# MEMBERS EXPERIENCES > OVER 40 FORUM >  Continuous HRT vs. Cycling

## woodiechopper

for a middle aged man, is it better to do continuous HRT (10 weeks on at lowish doses, followed by 3 weeks off) or to cycle (12 weeks on, 12 weeks off) at higher doses? Objectives are to gain and maintain lean muscle mass, rather than to just bulk up.

What would be the maximum dose during the continuous HRT?

----------


## Rocket

I do HRT test e 200mg every 2 weeks do about two cycles a year dr. told me not to take any time off HRT!

----------


## woodiechopper

let me understand...you do 200mg test enanthate every 2 weeks and stop for a few weeks during the year. Or you do the 200mg continuously and do two additional cycles on top?

----------


## darmadoc

Generally, the amount of test in a cycle is so high compared to HRT; you aren't really stopping, even though you go off the prescribed HRT during the cycle.

----------


## Rocket

Or you do the 200mg continuously and do two additional cycles on top?

That one!

----------


## woodiechopper

Rocket --

1) is your normal test level below normal so the 200mg just returns you to around normal?
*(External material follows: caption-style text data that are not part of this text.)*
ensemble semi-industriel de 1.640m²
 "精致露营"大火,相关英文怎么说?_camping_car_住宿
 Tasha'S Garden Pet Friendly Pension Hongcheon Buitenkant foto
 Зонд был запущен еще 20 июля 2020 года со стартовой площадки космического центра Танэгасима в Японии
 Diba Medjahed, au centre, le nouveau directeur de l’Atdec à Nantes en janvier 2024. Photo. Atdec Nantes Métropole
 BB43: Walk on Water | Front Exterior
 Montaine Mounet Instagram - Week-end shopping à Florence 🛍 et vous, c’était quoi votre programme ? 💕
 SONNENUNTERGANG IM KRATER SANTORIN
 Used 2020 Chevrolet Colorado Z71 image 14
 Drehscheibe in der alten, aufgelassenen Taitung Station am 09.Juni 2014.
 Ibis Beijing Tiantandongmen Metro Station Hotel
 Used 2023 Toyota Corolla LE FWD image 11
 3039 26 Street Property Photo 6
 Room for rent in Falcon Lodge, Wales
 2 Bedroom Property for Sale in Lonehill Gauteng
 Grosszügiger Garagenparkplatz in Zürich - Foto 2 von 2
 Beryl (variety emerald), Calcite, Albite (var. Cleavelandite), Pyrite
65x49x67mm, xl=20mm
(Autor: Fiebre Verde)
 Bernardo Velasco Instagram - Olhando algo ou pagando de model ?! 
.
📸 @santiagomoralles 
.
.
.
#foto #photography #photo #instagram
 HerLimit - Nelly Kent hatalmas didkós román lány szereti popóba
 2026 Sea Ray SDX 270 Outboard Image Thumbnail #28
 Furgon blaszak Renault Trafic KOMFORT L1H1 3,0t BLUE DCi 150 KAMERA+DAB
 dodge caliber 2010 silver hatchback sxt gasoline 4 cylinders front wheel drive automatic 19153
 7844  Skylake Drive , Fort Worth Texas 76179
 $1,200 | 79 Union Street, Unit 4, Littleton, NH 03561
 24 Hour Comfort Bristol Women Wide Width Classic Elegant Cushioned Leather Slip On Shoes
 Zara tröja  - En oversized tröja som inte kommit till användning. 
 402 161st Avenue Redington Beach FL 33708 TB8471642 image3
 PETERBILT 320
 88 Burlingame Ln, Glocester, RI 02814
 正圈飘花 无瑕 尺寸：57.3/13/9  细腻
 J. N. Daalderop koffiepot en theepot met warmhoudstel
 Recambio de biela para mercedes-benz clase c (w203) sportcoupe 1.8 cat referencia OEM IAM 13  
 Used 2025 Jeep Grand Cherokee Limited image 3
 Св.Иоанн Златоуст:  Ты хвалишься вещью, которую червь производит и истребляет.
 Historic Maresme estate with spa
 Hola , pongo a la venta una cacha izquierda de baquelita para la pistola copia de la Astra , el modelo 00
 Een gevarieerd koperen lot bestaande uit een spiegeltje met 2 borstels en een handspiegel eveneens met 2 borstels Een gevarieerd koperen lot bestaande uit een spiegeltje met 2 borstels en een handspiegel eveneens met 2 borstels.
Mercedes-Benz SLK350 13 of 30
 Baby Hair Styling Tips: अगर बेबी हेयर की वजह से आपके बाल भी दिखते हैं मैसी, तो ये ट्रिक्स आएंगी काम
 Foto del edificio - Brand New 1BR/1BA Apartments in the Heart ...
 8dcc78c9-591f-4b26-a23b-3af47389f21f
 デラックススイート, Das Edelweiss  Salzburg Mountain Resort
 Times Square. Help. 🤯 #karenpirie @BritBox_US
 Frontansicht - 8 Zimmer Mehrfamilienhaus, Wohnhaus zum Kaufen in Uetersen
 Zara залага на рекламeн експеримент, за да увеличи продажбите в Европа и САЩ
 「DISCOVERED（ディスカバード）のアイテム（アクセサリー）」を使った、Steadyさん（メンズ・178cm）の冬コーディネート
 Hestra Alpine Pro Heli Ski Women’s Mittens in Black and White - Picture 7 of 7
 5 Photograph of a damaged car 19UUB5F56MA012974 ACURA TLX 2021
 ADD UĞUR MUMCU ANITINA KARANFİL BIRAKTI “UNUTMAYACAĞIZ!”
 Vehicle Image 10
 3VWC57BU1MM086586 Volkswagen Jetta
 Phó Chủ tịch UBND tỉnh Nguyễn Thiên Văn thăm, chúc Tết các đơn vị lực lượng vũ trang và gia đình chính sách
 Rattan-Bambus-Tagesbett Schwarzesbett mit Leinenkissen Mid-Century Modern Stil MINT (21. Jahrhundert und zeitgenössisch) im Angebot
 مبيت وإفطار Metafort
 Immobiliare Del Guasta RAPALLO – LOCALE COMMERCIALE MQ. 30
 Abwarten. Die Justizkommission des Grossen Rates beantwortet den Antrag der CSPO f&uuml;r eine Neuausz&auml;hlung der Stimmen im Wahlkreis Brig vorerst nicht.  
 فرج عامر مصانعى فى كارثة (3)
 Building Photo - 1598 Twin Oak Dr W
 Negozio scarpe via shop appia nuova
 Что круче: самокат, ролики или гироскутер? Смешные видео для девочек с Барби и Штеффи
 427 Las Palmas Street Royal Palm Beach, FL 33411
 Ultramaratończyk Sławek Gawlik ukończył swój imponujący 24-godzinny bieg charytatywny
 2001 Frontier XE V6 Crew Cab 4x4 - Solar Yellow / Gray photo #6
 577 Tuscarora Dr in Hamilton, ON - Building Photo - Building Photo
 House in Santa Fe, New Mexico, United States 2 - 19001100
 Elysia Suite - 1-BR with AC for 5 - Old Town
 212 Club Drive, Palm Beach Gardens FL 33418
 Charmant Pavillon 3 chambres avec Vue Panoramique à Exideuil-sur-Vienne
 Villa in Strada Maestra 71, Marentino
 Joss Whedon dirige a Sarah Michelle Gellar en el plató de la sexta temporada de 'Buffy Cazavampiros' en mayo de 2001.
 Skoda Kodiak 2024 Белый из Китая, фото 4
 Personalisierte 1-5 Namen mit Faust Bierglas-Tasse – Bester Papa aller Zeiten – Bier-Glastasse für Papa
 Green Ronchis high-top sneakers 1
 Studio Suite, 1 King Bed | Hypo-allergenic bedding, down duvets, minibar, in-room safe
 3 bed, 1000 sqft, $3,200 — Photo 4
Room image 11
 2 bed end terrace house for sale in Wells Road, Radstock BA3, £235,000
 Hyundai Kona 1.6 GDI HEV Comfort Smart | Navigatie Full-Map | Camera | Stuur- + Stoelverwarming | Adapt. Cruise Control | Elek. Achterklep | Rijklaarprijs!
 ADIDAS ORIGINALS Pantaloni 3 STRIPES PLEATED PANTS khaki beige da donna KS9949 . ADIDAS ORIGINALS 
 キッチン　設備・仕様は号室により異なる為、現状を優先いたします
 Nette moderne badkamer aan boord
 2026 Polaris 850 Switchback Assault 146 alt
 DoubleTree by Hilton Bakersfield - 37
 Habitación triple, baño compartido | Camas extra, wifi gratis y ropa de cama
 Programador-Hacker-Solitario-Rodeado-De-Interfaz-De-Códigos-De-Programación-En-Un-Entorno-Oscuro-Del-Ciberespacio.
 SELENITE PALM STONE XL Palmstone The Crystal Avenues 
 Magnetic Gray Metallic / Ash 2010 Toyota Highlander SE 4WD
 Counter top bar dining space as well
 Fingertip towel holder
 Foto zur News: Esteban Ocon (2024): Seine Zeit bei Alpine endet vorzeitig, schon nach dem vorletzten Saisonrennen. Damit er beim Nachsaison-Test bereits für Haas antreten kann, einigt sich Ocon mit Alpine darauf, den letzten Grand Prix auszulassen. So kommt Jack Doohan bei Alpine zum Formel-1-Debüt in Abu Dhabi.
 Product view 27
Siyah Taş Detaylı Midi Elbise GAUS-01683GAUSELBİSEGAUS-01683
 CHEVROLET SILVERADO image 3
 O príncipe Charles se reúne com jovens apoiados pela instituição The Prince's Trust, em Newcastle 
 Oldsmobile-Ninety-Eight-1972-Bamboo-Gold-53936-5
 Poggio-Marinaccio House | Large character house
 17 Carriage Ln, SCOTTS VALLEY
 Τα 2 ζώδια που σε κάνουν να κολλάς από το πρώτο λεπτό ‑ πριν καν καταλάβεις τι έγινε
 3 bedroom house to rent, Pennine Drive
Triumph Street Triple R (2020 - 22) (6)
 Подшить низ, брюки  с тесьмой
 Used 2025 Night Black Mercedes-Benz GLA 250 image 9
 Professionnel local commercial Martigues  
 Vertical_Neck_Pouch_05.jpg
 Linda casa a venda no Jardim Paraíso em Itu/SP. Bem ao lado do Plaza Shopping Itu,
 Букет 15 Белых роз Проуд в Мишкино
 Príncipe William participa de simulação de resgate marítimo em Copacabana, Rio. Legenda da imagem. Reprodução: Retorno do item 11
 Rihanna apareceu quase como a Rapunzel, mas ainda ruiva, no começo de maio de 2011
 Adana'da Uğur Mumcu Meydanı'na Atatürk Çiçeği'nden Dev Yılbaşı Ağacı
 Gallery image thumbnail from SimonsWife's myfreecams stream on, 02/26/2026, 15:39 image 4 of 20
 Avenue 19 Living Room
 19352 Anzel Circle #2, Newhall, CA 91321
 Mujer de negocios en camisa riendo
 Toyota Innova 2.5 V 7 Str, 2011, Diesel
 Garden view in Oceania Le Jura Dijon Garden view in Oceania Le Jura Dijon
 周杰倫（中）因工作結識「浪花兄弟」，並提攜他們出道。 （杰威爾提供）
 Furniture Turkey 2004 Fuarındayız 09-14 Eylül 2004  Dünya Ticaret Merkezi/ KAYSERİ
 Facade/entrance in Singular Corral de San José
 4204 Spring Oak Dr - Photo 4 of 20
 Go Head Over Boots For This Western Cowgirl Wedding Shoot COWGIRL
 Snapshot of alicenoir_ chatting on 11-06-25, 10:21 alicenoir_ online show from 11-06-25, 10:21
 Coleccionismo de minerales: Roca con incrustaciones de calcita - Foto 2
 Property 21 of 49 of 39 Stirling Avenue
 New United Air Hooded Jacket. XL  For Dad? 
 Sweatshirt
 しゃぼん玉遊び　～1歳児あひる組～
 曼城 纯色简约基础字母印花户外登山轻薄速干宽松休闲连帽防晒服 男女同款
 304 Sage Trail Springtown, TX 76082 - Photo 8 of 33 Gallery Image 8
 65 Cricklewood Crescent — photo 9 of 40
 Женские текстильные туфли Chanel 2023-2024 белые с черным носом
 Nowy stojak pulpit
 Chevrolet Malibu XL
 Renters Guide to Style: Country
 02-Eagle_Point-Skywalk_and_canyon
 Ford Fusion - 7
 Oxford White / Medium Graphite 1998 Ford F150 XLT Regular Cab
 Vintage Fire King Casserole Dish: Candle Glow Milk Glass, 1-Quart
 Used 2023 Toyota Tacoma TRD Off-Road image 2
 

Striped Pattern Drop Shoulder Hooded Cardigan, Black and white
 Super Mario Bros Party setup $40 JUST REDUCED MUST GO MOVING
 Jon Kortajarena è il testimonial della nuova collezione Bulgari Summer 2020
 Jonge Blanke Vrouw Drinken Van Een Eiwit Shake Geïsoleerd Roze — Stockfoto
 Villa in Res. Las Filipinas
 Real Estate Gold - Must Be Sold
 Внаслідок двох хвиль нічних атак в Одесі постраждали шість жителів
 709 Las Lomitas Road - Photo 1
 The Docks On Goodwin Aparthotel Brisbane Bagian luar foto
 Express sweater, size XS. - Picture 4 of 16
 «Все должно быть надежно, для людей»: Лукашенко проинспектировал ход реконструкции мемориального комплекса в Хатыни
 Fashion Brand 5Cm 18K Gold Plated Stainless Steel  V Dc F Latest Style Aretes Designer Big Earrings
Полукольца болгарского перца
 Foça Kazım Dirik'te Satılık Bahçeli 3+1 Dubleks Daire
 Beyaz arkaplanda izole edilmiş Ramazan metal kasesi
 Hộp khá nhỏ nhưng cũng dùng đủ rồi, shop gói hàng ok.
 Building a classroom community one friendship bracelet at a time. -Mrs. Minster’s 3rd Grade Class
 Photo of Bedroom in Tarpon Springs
2) what cycles do you run and for how long?

Thanks.

----------


## Rocket

Yes my Test levels are low so the 200mg brings them up to normal. I have done a few different cycles. Test E and EQ with Dbol . Test E with Fina and D Bol.

----------


## AAJB

My doc says stay on and never come off, so far I have been on for a year straight with no problems. Levels are fairly high 800 to 1000. I have cycled twice in the past year, but never came off.

----------


## Milestone

Woodiechopper do you need HRT whats your test levels or are youjust doing for the added advantages of a higher test level ??

----------


## woodiechopper

I need it. When originally tested they were around 300nl total and only 3% free.

----------


## MMA

> for a middle aged man, is it better to do continuous HRT (10 weeks on at lowish doses, followed by 3 weeks off) or to cycle (12 weeks on, 12 weeks off) at higher doses? Objectives are to gain and maintain lean muscle mass, rather than to just bulk up.
> 
> What would be the maximum dose during the continuous HRT?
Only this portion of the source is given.